A current theme among institutional investors - especially public pension funds - is socially responsible investing. Sometimes referred to as ESG, for Environment, Society and Governance, this movement seeks to improve the non-financial impacts of investments made by these investors on the world at large.
It is a noble undertaking, much to be encouraged. But my point is this. If we really want to get serious about socially responsible investing, we have to get serious about providing the enterprise with a choice in addition to Wall Street as a solution for getting financed.
Wall Street dominates finance today, and Wall Street has one, single mission - to trade stocks, and other financial instruments. Stocks trade when prices change, and prices change when the market perceives that enterprise value is going to increase (or decline, but increases are better!).
So, once an enterprise enters the Market, it commits itself to a constant campaign, 24/7, to generate investor perceptions of increasing enterprise value. Every strategic decision the enterprise makes from that point, forward, has to be made with an overarching concern for how it will affect share price.
For an enterprise in the midst of rapid organic growth - Apple Computer in these heady days of iPods, iPhones and iPads comes to mind - this in not a problem. The choices they want to make for business and social reasons are also choices that will drive up share price. Their business is naturally aligned with the Market. But what about companies whose business is more stable, more mature, more steady state? These companies may want to make choices that are socially responsible, but they can't. Not if they got money from Wall Street. Social responsibility does not drive share price. Growth does, and so they have to do whatever they can to manufacture growth. This they do through a variety of choices. Some of the most effective are not what can be called socially responsible.

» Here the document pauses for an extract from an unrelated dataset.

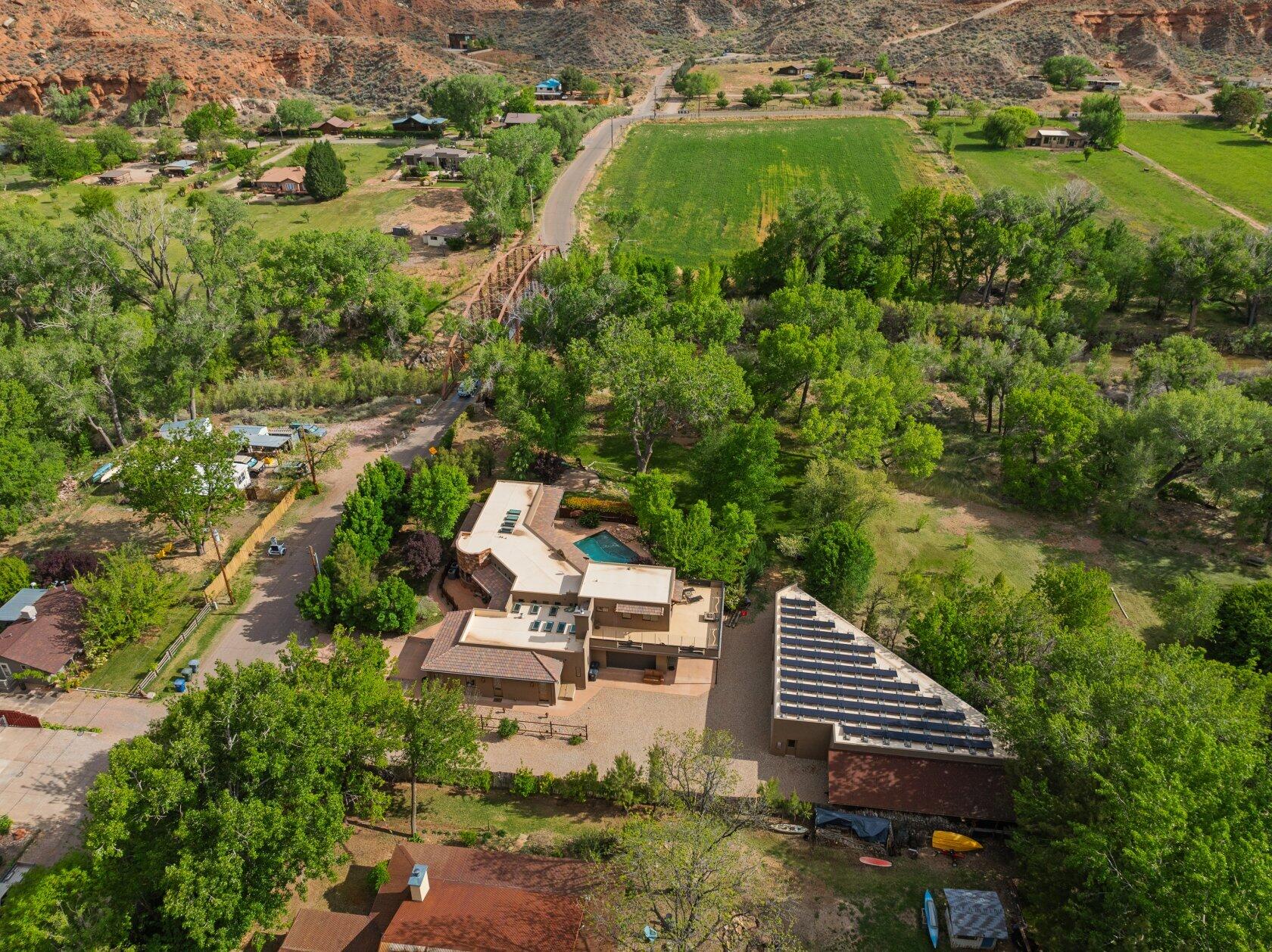 98 South Bridge Road Rockville, UT 84763 - Photo 70 of 80 Aerial View - Solar System on top of detached garage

We can't change these choices by telling an enterprise they're being bad managers. They're not. They're doing what their Master demands. Their Master is Wall Street, and Wall Street demands Growth.
We also can't change this by telling Wall Street it's bad. It's not. It's just doing what it was designed to do.
If we are serious about Socially Responsible Investing, we have to not so much get better at the way we manage the investments we already make, as to begin making investments in a better way. We have to offer the enterprise another way to get funded that isn't the Wall Street way.
Wall Street is one dimensional. Business is three-dimensional. One dimension is growth, which Wall Street handles very well. Another dimension is keeping on, something Wall Street simply cannot value. A third dimension is making a change, which Wall Street really doesn't understand.
When an enterprise that should be keeping on is forced, by Wall Street, to manufacture growth, bad things happen.
To prevent these bad things from happening, we have to give these firms another way.
That's my challenge to people who support socially responsible investing; to also support the invention of new approaches to investing that will reward a business for doing the right things, at the right time: for growing when it is time to grow; for just keeping on, when it is best to just keep doing the same thing, over and over again, reliably and well; and for making a change when we really do need to make a change.
We can't ask Wall Street to come up with that invention. It has to be done a different way.